STOCKBRIDGE -- Marvel and DC joined forces Saturday night for the unveiling of a new exhibit from comic book icon Alex Ross, at the Norman Rockwell Museum.
Fans young and old, of both comic universes, packed the lobby waiting to hear the artist explain how Norman Rockwell influenced his years of award-winning work.
"His work had a huge influence on my work throughout my life an apex to my senses," Ross said in front of a crowd of nearly 70, leading the group through a tour of his work. "I always wanted to follow his lead artistically, especially when I was working on ‘Kingdom Come.' "
The show, "Heroes and Villains: The Comic Book Art of Alex Ross" opened Saturday with a private tour and commentary with Ross and nearly 150 pieces of his work.
The 42-year-old Oregon native said he used Rockwell's style of having live models to create his images of some of the greatest superheroes of all-time, including members of the Justice League like Superman and Batman, their arch-villains, like Lex Luther and the Joker.
Ross first exploded into prominence in 1994 with Marvels, an award-winning, four-issue series co-written with Kurt Busiek, which covered the history of the Marvel Universe through the eyes of a reporter in New York City. The series won several Eisner Awards, the comic book version of the Oscars or Emmys.
In 1996, Ross was back with another mini-series, "Kingdom Come." Set in the near future, the series tells the story of the return of Superman from semi-retirement and his attempts to rein in a new generation of unruly super-powered heroes. That series also won several awards.
Since then, he has been in great demand by comic publishers. Ross credited Rock well, whom he discovered as a youngster, with being a major influence in his work.
"His work is so believable," said Karen Mercurio, who drove from Meriden, Conn., with her husband, Dan, to attend the opening. "His characters are transformed from actual people and you can see the details in his work. That's the way Superman would look if he were actually walking the down the street," she said pointing to a nearby cardboard cutout of Ross' work.
Employees at the museum said the event was the biggest opening they've had in a several years and were fielding phone calls throughout the day. Officials are expecting thousands to visit the exhibit over the course of the next few weeks.

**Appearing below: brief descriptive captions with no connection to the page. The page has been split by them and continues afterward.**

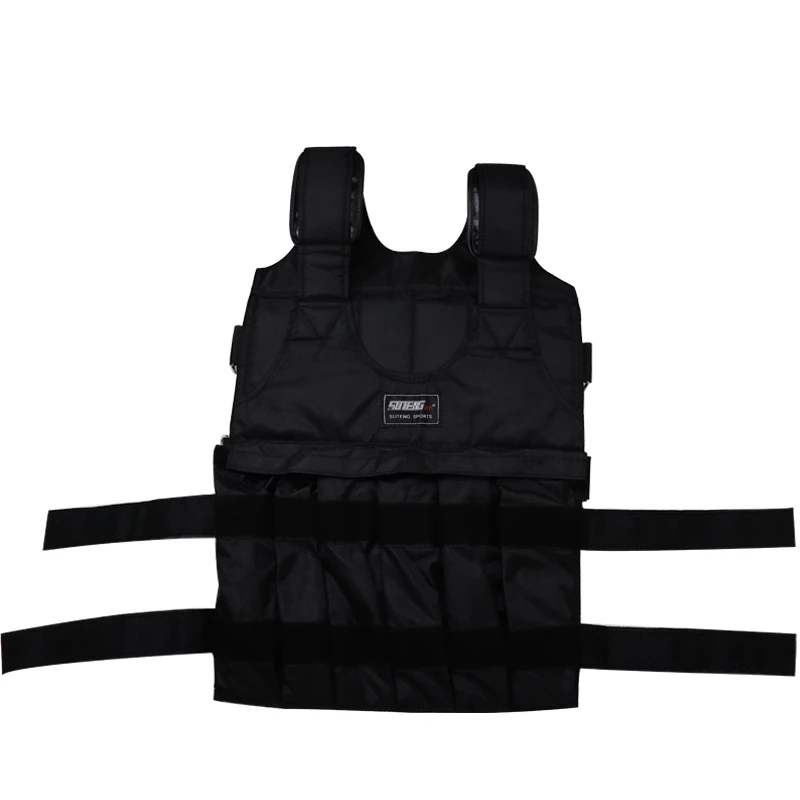 

50kg Loading Weighted Vest Adjustable Exercise Training Fitness Jacket Gym Workout Boxing Vest Sand Fitness Waistcoat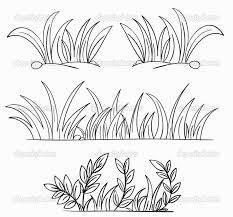 Grass Coloring Page Grass Drawing Outline Drawings Drawings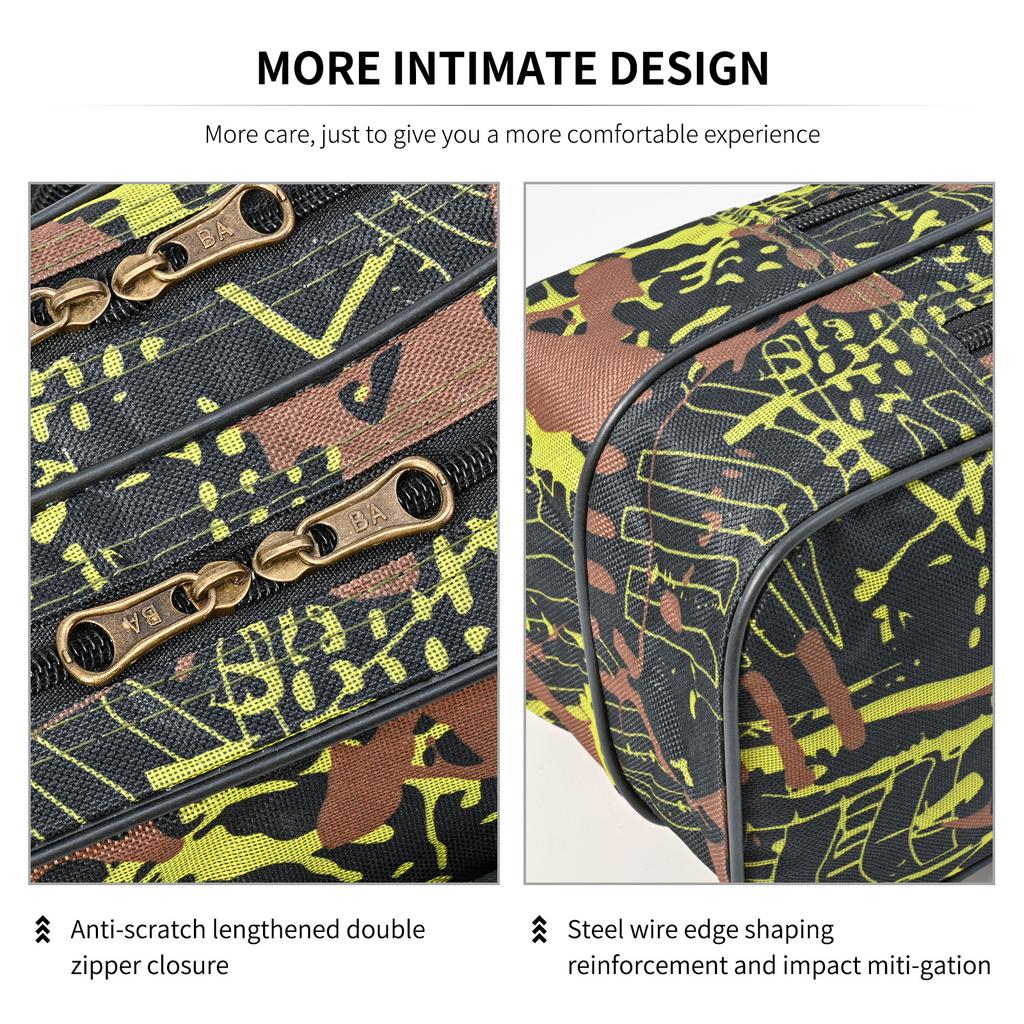 2 Layers 600D Oxford Fishing Rod Case Fishing Pole Case & Bag Fishing Reel Tackle Storage Bag Case for Fishing Gear & Equipment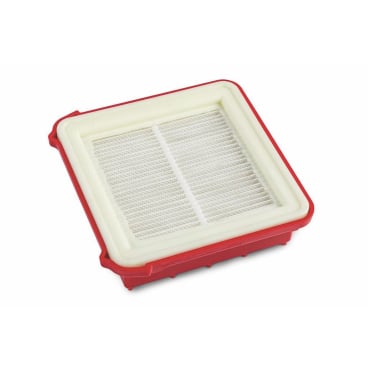 TASKI AERO UP HEPA H13 Filter mit rotem Rahmen und weißem Dichtungsrand.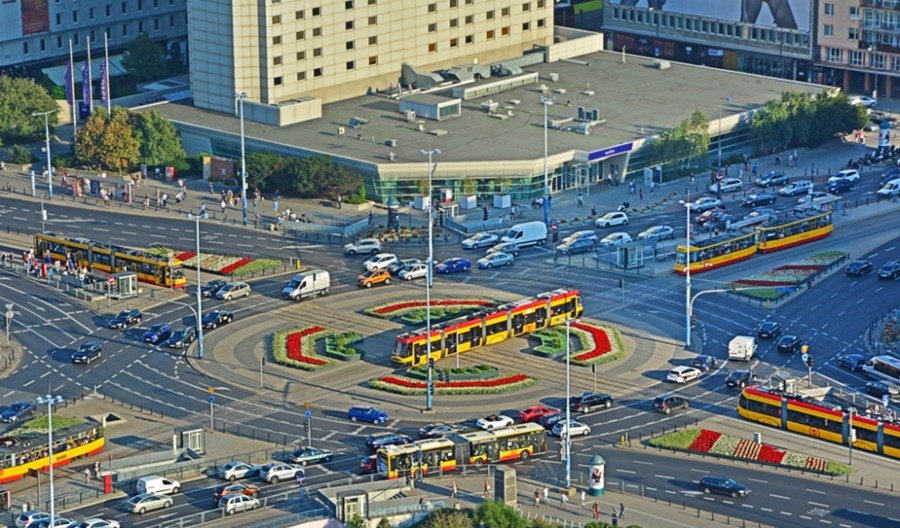Warszawa: Przejścia w rejonie Rondzie Dmowskiego dopiero po 2027 r.? Warszawa: Przejścia w rejonie Rondzie Dmowskiego dopiero po 2027 r.?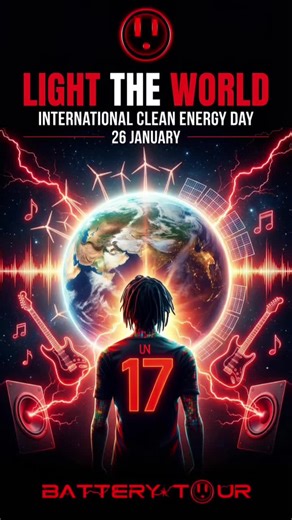 “At Battery Tour, we believe clean energy isn’t just a solution it’s a revolution. 🔋🌍 It’s about people coming together to drive real impact and power change. “Light the World” is all about that a clean energy anthem by @AY Young. celebrating a future powered by purpose, innovation, and sustainable energy. So let’s plug in together, spark impact, and Light the World.” 🔌✨ @Jesse David 🇰🇪 #CleanEnergyDay2026 #lighttheworld #batterytour #musicforimpact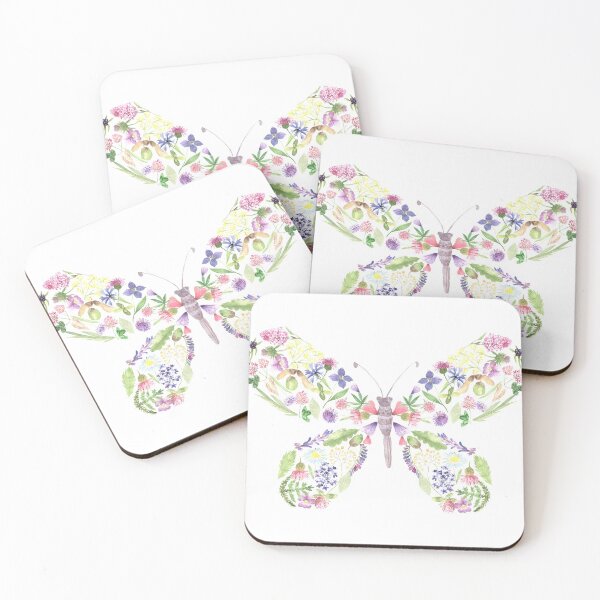 Item preview, Floral Butterfly designed and sold by adortopia.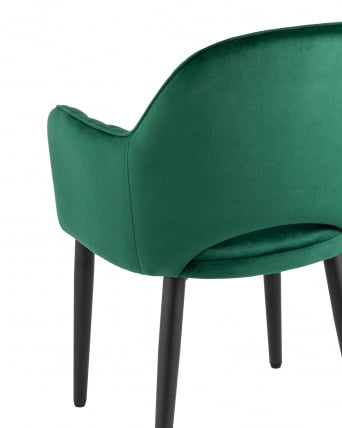 Стул Венера НЕВ диамант велюр Изумрудный / NEW_6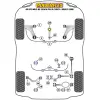 Powerflex Audi   A3 / S3 MK3 8V 125 CV plus (2013 - 2020) Multi Link  Boccola anteriore del braccio oscillante anteriore Fig.1 (2) PFF85-501 - immagine 2
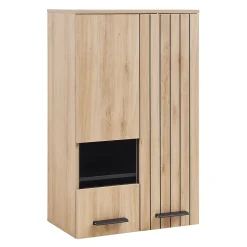 Armoire murale Noppen 98 x 60 x 35 cm effet chêne en.casa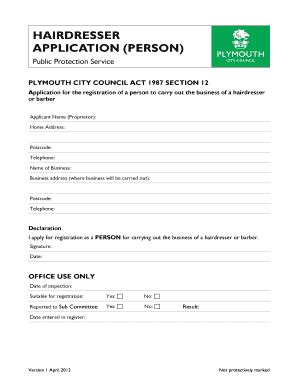 Apprenticeship Form For Hairdressing In Nigeria - Fill Online ...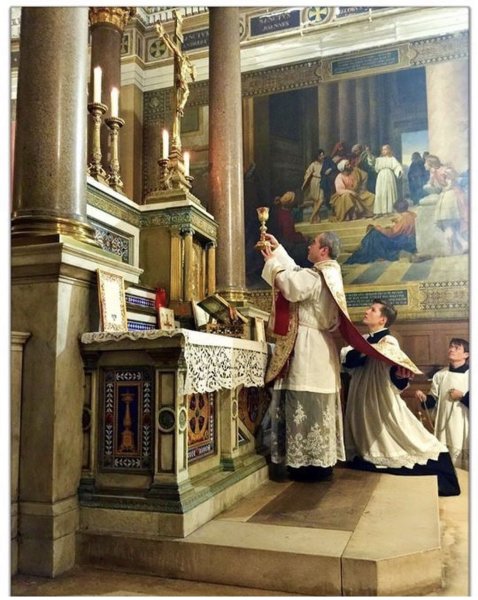 Католич священник живопись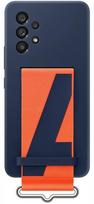 samsung galaxy a53 deklas - SAMSUNG Galaxy A53 5G 2022, silikoninis, nugarėlė su dirželiu, Navy - 5 nuotrauka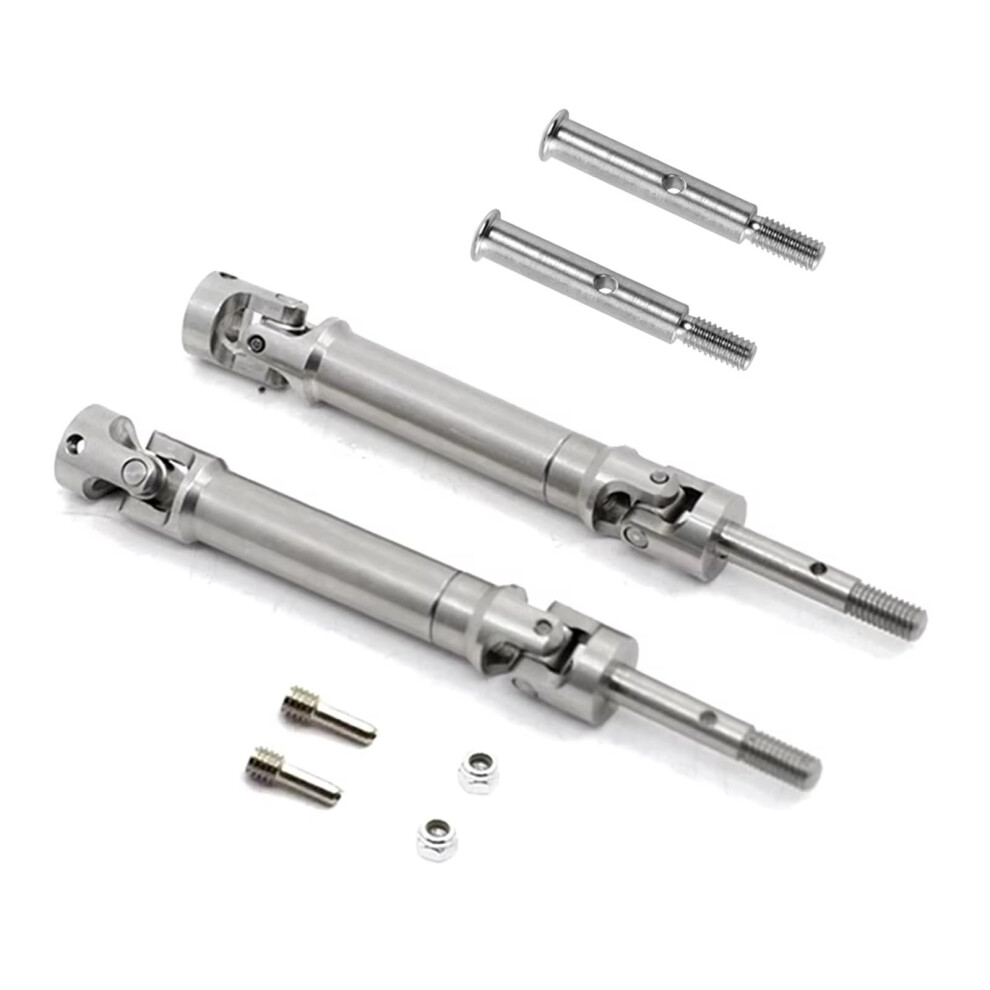 Steel Front Axle And Rear Drive Shaft Set Durable Upgrade Parts For Traxxas Slash Stampede Rustler 2Wd 9169991600734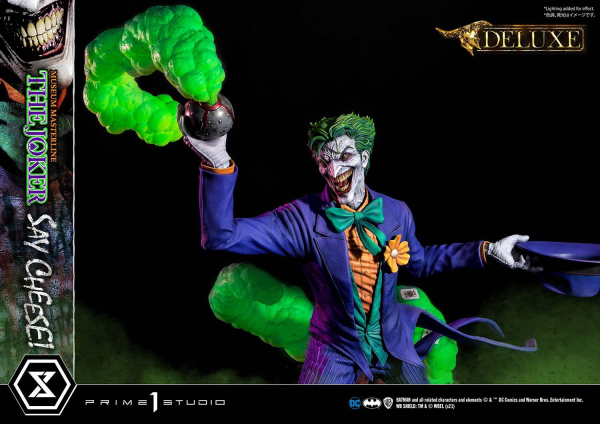 Prime 1 Studio Museum Masterline Batman (Comics) The Joker - Say Cheese DX Bonus Version | 4580708035123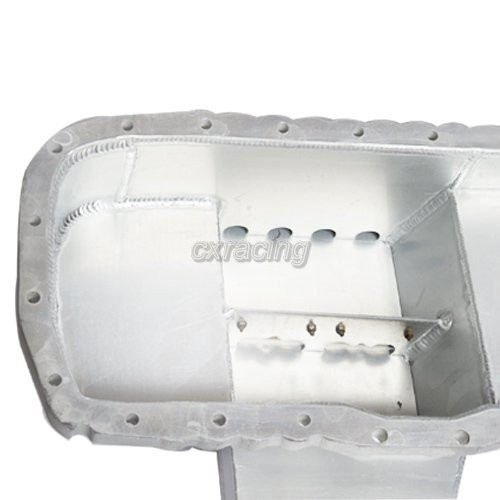 Sumidero de cárter de aceite de aluminio CXRacing para Nissan/Datsun 240SX S13 S14 RB26DETT RB26 - Imagen 5 de 9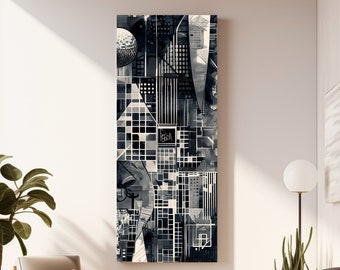 Digital Abstract Print - Circuitry Metropolis - Wall - Decoration - Unique - Cityscape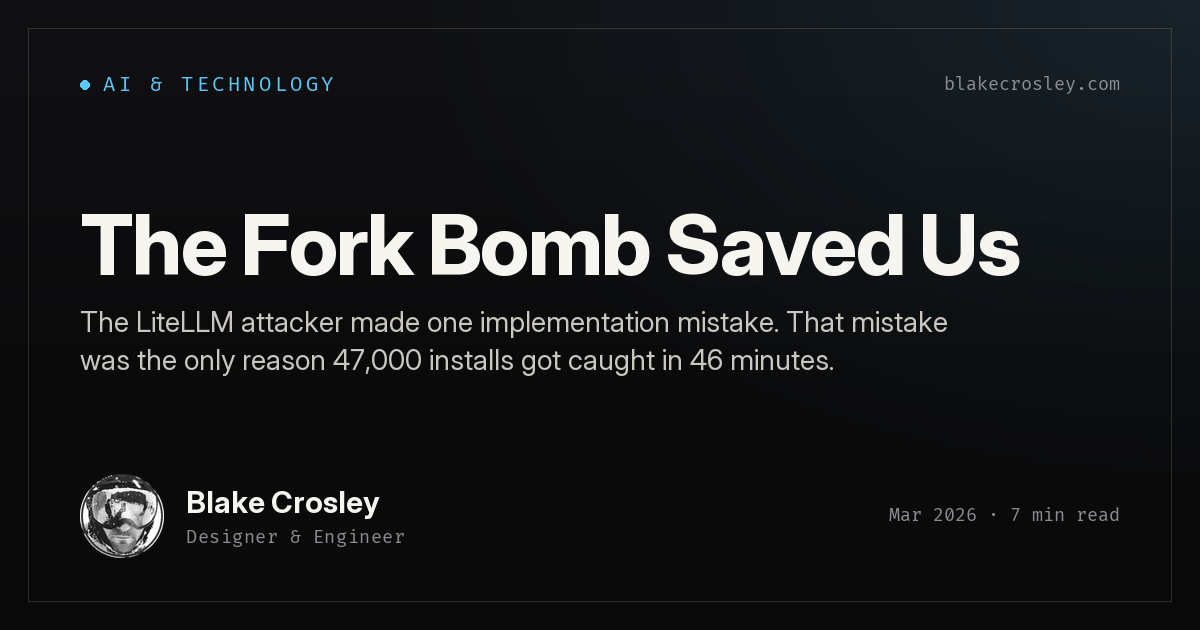 The Fork Bomb Saved Us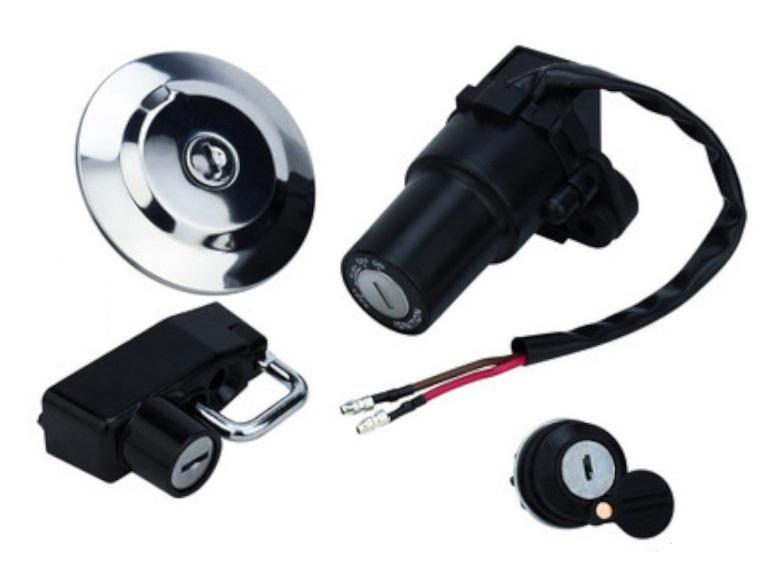 CHAVE IGNICAO KIT C/ TRAVA CAPACETE TAMPA LATERAL TAMPA TQ YBR125 E/ED 06-07/K 07/XTZ125 06-08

For the 6:30 p.m,. opening, more than 400 people had lined up outside the doors. Louis Zanetti, of New York City, said he waited for hours to meet his hero.
Clutching Captain America's shield, Zenetti explained he's had nearly every great comic book artist sign it except one.
"I've left this top spot blank for Ross," he said. "His work, the narrative behind it, speaks to me. I identified with his experiences."
In 2004, Ross released "Myth ology" a reflection his work throughout his lifetime. Zenetti said the book was like "seeing childhood come full circle."